→ To do: Go through the records below and copy out every line that contains the word "online".

→ Data to examine:
- - - - -
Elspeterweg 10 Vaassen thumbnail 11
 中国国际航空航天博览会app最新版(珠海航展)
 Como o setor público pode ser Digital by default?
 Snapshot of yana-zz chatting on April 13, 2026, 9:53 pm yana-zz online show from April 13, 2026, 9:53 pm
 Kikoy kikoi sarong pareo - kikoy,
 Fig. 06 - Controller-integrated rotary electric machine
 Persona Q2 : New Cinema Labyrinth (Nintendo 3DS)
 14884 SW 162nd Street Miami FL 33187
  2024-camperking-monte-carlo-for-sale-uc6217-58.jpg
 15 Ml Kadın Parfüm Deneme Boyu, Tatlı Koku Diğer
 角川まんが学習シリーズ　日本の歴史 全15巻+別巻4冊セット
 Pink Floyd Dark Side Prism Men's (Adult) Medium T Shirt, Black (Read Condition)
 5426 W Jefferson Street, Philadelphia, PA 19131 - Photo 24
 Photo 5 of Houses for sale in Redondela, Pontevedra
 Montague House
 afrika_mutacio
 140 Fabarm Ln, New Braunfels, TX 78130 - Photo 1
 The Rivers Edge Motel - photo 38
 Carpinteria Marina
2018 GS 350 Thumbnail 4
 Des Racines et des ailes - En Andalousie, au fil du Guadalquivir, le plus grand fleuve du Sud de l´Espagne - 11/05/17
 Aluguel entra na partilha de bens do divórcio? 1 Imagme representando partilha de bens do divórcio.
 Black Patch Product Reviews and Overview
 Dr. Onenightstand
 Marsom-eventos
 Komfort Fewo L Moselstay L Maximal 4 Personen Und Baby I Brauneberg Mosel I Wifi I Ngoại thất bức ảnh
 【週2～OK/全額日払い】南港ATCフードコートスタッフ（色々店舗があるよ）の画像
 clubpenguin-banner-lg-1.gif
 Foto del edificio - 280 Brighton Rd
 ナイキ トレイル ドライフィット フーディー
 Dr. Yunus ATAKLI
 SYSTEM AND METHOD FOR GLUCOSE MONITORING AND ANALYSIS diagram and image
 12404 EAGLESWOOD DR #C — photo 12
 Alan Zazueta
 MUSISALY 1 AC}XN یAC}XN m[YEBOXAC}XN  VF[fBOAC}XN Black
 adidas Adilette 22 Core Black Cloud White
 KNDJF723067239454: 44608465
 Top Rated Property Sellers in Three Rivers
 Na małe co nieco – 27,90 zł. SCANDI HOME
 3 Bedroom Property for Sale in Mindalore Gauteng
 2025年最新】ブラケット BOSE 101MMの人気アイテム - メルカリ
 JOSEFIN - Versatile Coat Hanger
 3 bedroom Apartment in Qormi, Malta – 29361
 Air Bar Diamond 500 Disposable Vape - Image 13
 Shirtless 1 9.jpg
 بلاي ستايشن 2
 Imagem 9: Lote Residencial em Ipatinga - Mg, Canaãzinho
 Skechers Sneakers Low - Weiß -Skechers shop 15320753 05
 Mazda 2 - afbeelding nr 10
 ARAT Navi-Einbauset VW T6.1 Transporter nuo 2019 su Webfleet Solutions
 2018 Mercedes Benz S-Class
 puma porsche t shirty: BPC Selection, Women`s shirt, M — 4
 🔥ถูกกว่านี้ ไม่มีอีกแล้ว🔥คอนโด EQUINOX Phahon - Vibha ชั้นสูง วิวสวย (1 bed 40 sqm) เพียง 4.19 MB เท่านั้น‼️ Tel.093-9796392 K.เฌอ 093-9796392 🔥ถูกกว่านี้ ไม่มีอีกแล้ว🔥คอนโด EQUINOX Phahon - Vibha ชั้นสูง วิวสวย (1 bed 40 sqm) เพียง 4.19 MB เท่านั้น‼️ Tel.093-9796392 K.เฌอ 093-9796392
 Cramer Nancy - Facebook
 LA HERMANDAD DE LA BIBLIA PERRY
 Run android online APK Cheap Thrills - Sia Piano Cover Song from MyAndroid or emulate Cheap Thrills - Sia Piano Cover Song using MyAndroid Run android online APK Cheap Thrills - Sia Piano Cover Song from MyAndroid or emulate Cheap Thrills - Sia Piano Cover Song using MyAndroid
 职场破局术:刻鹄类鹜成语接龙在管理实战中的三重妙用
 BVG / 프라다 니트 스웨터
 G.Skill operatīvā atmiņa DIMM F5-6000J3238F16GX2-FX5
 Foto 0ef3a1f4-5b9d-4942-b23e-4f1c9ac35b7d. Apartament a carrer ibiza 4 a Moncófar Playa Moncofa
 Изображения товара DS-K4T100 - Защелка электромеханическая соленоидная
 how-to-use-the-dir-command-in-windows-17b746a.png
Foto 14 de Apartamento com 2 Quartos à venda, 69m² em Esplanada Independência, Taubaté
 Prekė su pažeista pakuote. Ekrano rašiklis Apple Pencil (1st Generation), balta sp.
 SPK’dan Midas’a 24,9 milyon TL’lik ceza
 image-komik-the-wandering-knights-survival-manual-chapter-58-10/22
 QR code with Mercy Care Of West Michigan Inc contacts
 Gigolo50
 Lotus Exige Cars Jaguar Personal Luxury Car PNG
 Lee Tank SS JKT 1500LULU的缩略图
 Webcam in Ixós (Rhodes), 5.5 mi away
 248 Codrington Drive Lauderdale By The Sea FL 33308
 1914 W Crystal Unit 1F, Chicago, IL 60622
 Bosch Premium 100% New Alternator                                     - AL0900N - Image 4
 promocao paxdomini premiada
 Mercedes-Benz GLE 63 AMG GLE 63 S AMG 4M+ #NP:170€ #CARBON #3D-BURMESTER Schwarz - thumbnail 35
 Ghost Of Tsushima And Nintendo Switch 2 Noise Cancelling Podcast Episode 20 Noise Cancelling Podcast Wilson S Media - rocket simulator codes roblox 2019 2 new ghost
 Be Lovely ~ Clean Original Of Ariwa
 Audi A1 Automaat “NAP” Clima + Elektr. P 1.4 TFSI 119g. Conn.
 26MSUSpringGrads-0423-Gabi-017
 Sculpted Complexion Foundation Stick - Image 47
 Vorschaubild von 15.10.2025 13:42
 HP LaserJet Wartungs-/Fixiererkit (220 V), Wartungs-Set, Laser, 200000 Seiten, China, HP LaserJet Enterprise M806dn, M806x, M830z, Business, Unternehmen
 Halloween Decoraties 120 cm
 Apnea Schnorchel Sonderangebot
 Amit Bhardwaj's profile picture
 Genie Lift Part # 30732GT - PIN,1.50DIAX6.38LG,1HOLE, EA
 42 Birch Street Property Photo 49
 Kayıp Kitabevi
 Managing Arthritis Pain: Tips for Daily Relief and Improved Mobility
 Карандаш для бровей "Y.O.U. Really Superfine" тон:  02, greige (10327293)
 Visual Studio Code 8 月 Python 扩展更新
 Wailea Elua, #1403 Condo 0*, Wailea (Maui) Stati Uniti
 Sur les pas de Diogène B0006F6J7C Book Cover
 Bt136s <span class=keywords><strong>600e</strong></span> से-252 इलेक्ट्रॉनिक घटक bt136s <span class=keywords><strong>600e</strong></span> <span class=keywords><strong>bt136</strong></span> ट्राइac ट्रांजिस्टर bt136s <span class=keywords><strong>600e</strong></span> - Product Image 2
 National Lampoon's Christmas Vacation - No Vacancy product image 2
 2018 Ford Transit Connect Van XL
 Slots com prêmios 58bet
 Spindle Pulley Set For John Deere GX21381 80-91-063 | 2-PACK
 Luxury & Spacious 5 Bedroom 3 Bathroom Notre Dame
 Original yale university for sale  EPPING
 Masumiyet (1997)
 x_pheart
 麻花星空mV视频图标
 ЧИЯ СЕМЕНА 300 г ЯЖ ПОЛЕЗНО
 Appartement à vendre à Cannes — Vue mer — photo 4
- - - - -
→ Problem solution:
 Snapshot of yana-zz chatting on April 13, 2026, 9:53 pm yana-zz online show from April 13, 2026, 9:53 pm
 Run android online APK Cheap Thrills - Sia Piano Cover Song from MyAndroid or emulate Cheap Thrills - Sia Piano Cover Song using MyAndroid Run android online APK Cheap Thrills - Sia Piano Cover Song from MyAndroid or emulate Cheap Thrills - Sia Piano Cover Song using MyAndroid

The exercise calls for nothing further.